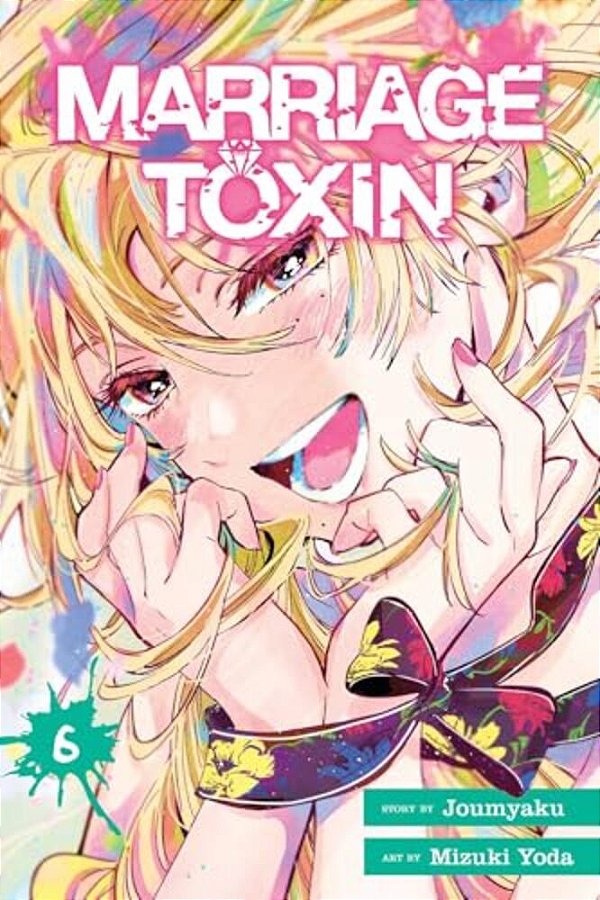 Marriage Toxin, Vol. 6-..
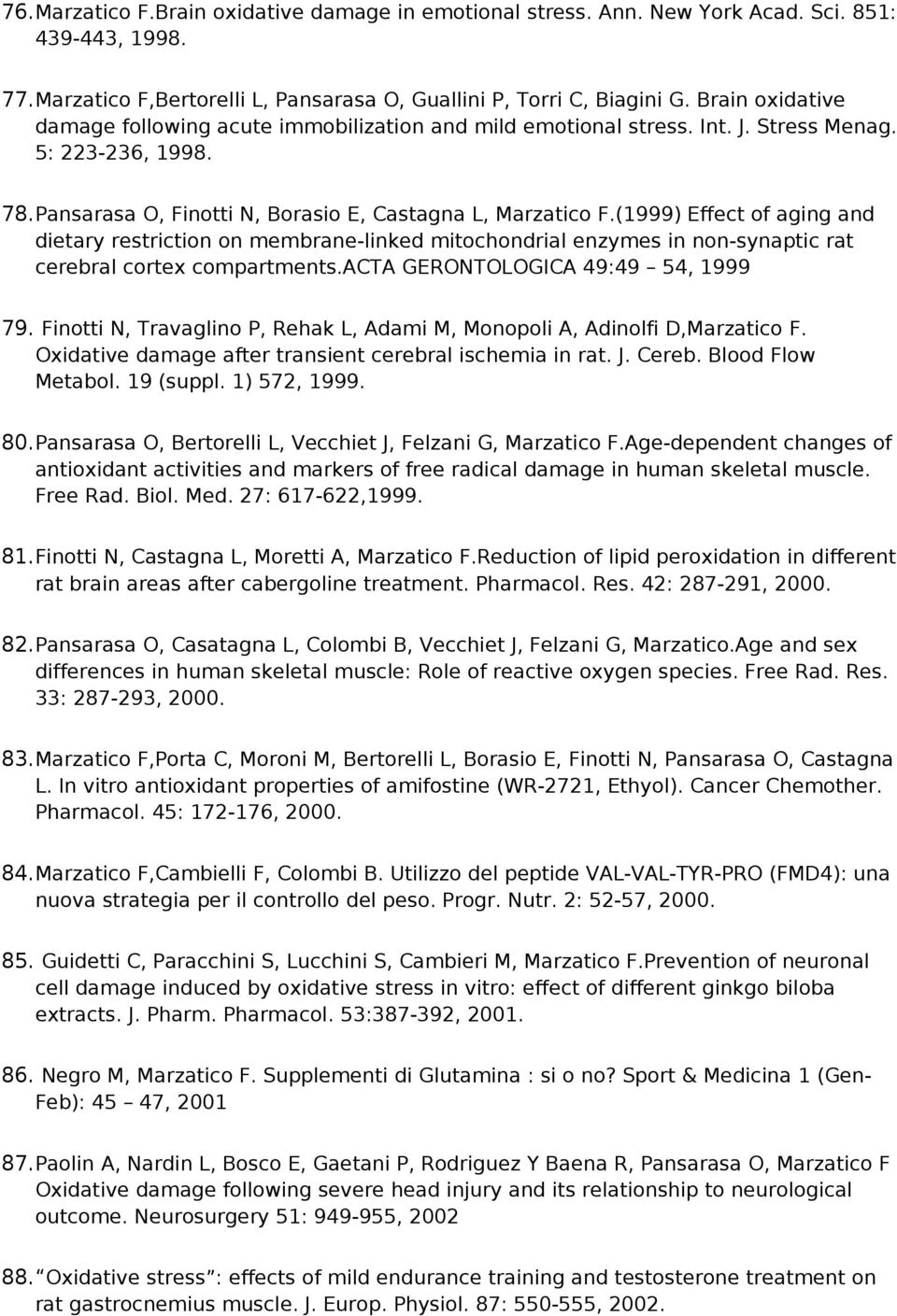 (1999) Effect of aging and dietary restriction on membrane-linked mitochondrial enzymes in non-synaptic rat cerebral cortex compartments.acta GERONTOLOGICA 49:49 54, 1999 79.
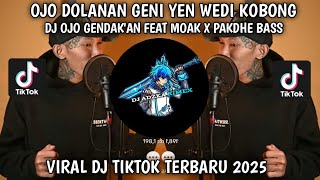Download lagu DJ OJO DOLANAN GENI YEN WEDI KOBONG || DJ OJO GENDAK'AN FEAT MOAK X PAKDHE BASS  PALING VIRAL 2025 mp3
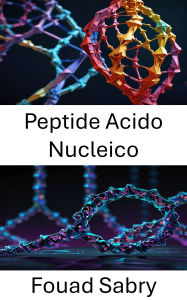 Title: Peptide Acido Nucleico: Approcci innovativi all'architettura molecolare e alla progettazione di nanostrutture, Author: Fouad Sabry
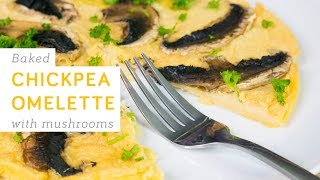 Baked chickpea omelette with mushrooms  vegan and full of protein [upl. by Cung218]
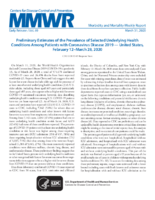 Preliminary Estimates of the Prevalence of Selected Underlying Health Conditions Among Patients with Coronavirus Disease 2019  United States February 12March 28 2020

***

_WHAT IS NEEDED_:
If a record contains a picture, drop the picture and repeat the rest exactly.

_SOLUTION_:
 Marriage Toxin, Vol. 6-..
 (1999) Effect of aging and dietary restriction on membrane-linked mitochondrial enzymes in non-synaptic rat cerebral cortex compartments.acta GERONTOLOGICA 49:49 54, 1999 79.
Download lagu DJ OJO DOLANAN GENI YEN WEDI KOBONG || DJ OJO GENDAK'AN FEAT MOAK X PAKDHE BASS  PALING VIRAL 2025 mp3
 Title: Peptide Acido Nucleico: Approcci innovativi all'architettura molecolare e alla progettazione di nanostrutture, Author: Fouad Sabry
 Baked chickpea omelette with mushrooms  vegan and full of protein [upl. by Cung218]
 Preliminary Estimates of the Prevalence of Selected Underlying Health Conditions Among Patients with Coronavirus Disease 2019  United States February 12March 28 2020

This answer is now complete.